Was mir am Profil dieses Verlagshauses so gefällt, ist, dass es sich mit der Ausstattung solcher Werke dieselbe Mühe gibt wie bei denen von Rembrandt, Botticelli oder Caravaggio. Allerdings hat diese Qualität von dickem Papier, hochwertigem Druck, Einband, natürlich auch Bildauswahl und Begleittexten (englisch, deutsch und französisch) ihren Preis: 150 Euro. (mit anderen Worten: Zwei Exemplare stehen für den Gegenwert des ersten Gebrauchtwagens, den ich vor etlichen Jahrzehnten gekauft habe.)

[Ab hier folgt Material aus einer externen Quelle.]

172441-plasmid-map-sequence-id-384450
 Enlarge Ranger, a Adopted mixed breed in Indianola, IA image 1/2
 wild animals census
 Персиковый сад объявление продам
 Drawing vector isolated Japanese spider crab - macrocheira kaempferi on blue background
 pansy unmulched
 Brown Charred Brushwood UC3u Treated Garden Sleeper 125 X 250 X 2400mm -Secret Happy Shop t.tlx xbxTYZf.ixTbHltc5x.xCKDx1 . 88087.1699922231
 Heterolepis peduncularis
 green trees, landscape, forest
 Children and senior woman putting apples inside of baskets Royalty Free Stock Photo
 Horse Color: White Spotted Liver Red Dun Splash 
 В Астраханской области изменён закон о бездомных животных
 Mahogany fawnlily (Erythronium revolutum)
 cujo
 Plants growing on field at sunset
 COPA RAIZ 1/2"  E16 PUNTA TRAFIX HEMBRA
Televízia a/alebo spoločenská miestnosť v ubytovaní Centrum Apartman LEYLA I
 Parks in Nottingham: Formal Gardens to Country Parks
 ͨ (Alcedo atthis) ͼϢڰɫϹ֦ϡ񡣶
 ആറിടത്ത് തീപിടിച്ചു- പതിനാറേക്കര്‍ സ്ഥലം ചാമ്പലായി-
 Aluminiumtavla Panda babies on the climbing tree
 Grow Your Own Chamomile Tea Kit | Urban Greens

Diese Ausstattung könnte auch zur Antwort auf die Frage beitragen, ob denn das Werk von Frazetta (und seiner Kollegen und wenigen Kolleginnen aus demselben Genre) Kunst sei. Frazetta hat zwar nie eine Kunstakademie besucht, und abgesehen vom schnellen Blick an einem Wochenende in ein paar geliehene Anatomiebücher war er ein Autodidakt, der schon als Jugendlicher mit dem professionellen Zeichnen von Comics anfing. Aber seine Darstellung der Körper von Menschen, Tieren und Monstern kann es locker mit den meisten aufnehmen, deren Werke an den Wänden ehrwürdiger Museen (und solcher mit zeitgenösischer Kunst ohnehin) hängen, und dasselbe gilt für Farbgebung und Komposition. Kein Wunder, dass er zum Vorbild vieler Fantasy- und Science-Fiction-Künstler wurde.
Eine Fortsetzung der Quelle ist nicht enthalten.